As per the constitution of Sri Lanka, the Opposition Leader is elected from the party which has got the largest number of seats in the opposition. Accordingly the parliament has elected the Leader of the Tamil National Alliance party, Mr.R. Sampanthan as the Opposition Leader of the new parliament. Mainly the government is represented by the coalition led by two major parties, UNFGG & UPFA and the Opposition is represented by mainly TNA and JVP. This is how the parliamentary democracy works in practice and the process has been accepted by the civilised societies in all over the world. If so, what is this so called “Joint Opposition” formed by some members from one of the parties in the coalition government in the Sri Lankan parliament? Has it been given any legitimacy to function in the parliament under the banner of “Joint Opposition”? Do these MPs represent UPFA or any other “invisible” party which is known to themselves only?
It appears that the minority partners of the UPFA, namely MEP, NFF, DLF, and PHU together with some SLFP members of parliament who supported the former President Mr. Mahinda Rajapaksa in the general election to become the Prime Minister, have formed an informal group to oppose the Coalition Government because it is led by Mr.

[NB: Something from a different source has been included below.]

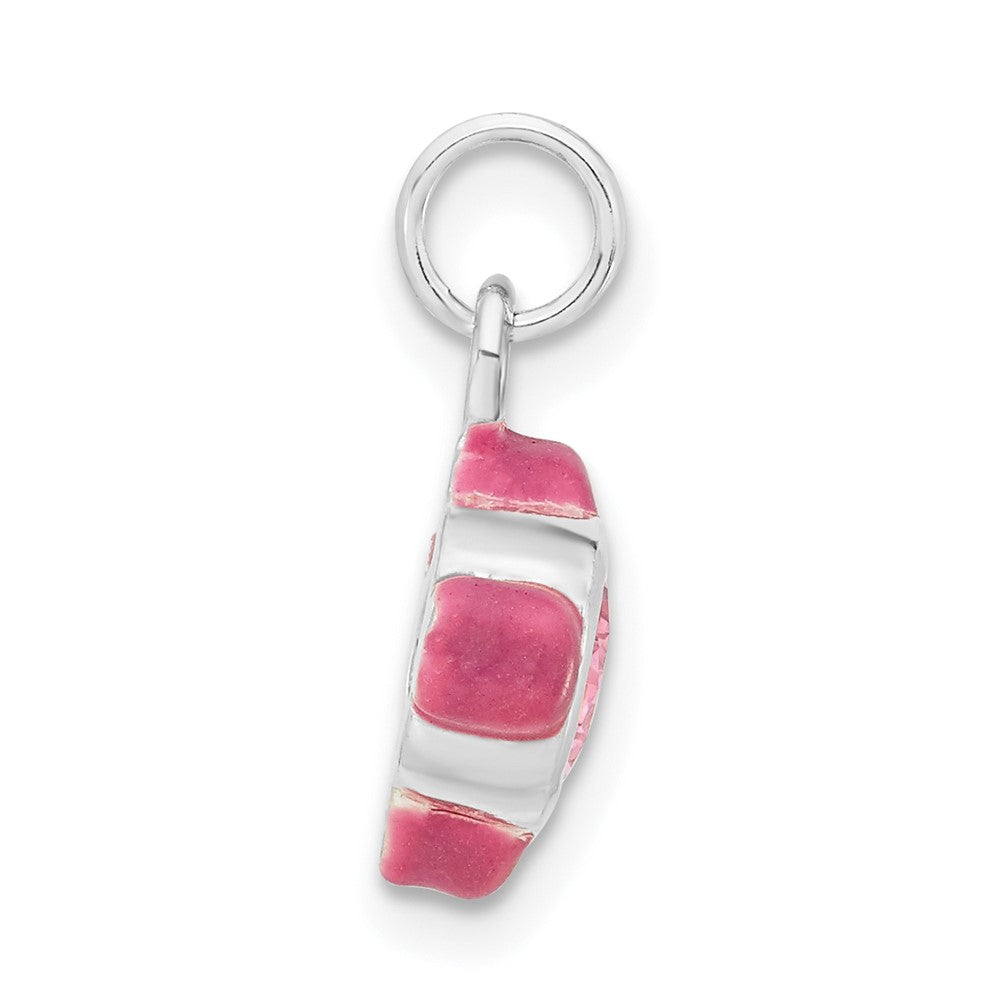 Sterling Silver Polished CZ Pink Enameled Fish Charm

Ranil Wickremesinghe, the leader of the UNP. The irony is that the members of the so called “Joint Opposition” are still members of the coalition government’s parliamentary group (UPFA & UNFGG), but behave inside and outside the parliament as a “separate party”. It has been reported by some of the members of the “Joint Opposition” that the leader of the UPFA, President Maithripala Sirisena has granted permission for the rebel MPs of the governing coalition to sit in the opposition and carry out their parliamentary affairs as members of the “opposition”. If this is true, there is no doubt that we have become the laughing stock of the civilised world because the ruling party members cannot represent the official opposition in the parliament unless they resign from the governing party and sit in the opposite side of the chambers. This is traditionally known as “Crossing the floor” which means the changing allegiance. The naked truth of the matter is that there is only one official “Joint Opposition” in a parliament and that that is the combination of all parties in the opposition which have been accepted and approved by the parliament.
Mandate for Change
Sri Lankans of all races and of all religions have given the mandate in millions on 8 January and 17 August in favour of a real change in political culture that is required to run our country for the next 5 years. It appears that the MEP, NFF, DLF, PHU and several other SLFP members are not willing to accept the coalition government of the UNP and the SLFP or the new political culture which has been advocated by the President and the Prime Minister. If so, they should do the decent thing of leaving the UPFA and “crossing the floor” to operate as separate minor opposition parties or form a new party to represent them in the parliament. It appears that the SLFP members who have joined this so called “Joint Opposition” are behaving in a most undemocratic manner taking no notice of the decisions and policies advocated and approved by the Leader and the Central Committee of the SLFP. If the rebel members of the SLFP feel that they cannot support the UNP led coalition government, the general public expect them to do the decent thing of either changing the leadership of the SLFP by democratic means and withdrawing from the coalition government or resigning from the SLFP to represent the opposition. It is apparent that these rebel MPs neither want to leave the party nor they want to support the policies of the Leader and the Central Committee of their own party. If so, people in Sri Lanka cannot understand why the Leadership of the SLFP is not taking any disciplinary action against these rebel members? How long the Leadership of the SLFP is going to tolerate this “Tail Wagging the Dog” culture practised by the rebel MPs of the SLFP?
“I, Me, & Mine” Politics
It appears that these rebel MPs are still bitter about the defeat of their former leader and they do not want to change their mind-set to accept the reality and move forward. Some of our politicians have already demonstrated that they practice “I, me, & mine” politics and they have failed to see the bigger picture. They are not interested in national policies which bring peace and prosperity to the country. Some ministers of the coalition government, from both parties argue in public stating that one is better than the other clearly exhibiting their upbringing, culture of “I, Me, & Mine” politics, and lack of political experience & political maturity. Recent activities of some of our politicians have demonstrated that they are lacking a very important leadership quality of humility and they are full of ego which defines the strength of ignorance, greed, and hatred according to Buddhism. The irony is that they call themselves as ardent Buddhists who are working to preserve the Buddha, Dhamma, and Sangha in Sri Lanka!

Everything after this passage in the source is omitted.